The film is set in small town Bihar where a school dropout lives with his family and works on a truck with his father. Enter an American girl who is doing some research on Madhubani paintings. A la Raja Hindustani he falls in love with her, wears a funny hat and goes to woo her. He impresses her with his knowledge of the paintings and she makes him her guide. Then her boyfriend shows up, our man is heartbroken and the girl warned against him by her doctor uncle who warns her that a Bihari man in live is a dangerous animal. She gets kidnapped by Naxalites and then after some action the story ends sort of ambiguously. There is also a side story of an alcoholic cop who has never got a promotion and who ignores the girl who is in love with him.
The locale is authentic, the accent and language ring true and the star cast looks appropriately country yokelish. But the story is too patchy to make any sense. Why is the cop ignoring the girl?

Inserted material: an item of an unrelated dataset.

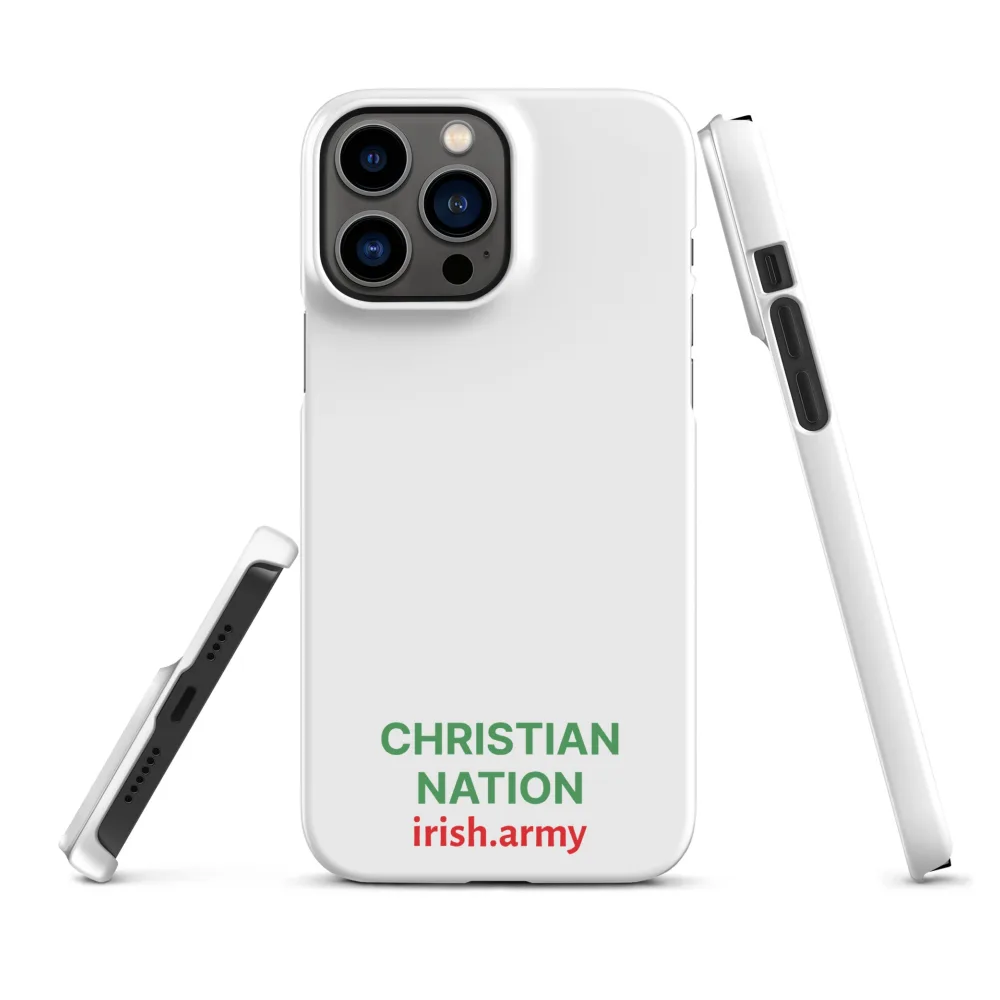 Christian Nation - Snap Case für iPhone®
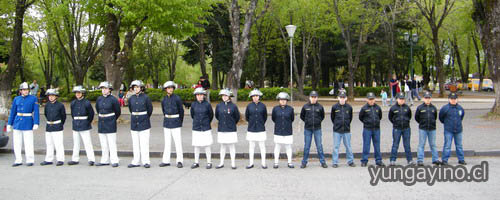 Última Ceremonia de Aniversario de la Escuela de Cadetes Bomberos de Yungay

You sense that there must have been a back story to explain his moroseness but the editing chops it out. Similarly, for the main hero. Though we see enough of him we dont enter his life really. Again, there are things that seem to have been chopped out to make the film tighter. All this choppiness leaves you with a sense of unease and incompleteness that robs the film of the potential I talked about.
There is a song with a nice folksy beat but thats about it in that department. On the acting front, the lead actor Anand Tiwari, has a passionate romantic attitude that does well for the character . His pals give a good version of what rural India does for amusement in its spare time. Rajat Kapoor as the suave cop plays up the contrast well. The American girl obviously worked for free, since no one could have paid for that kind of bad acting.
All in all, a pointless kind of movie. In spite of having a good story to work with, the writer cum Director has failed to flesh it out well. Avoid.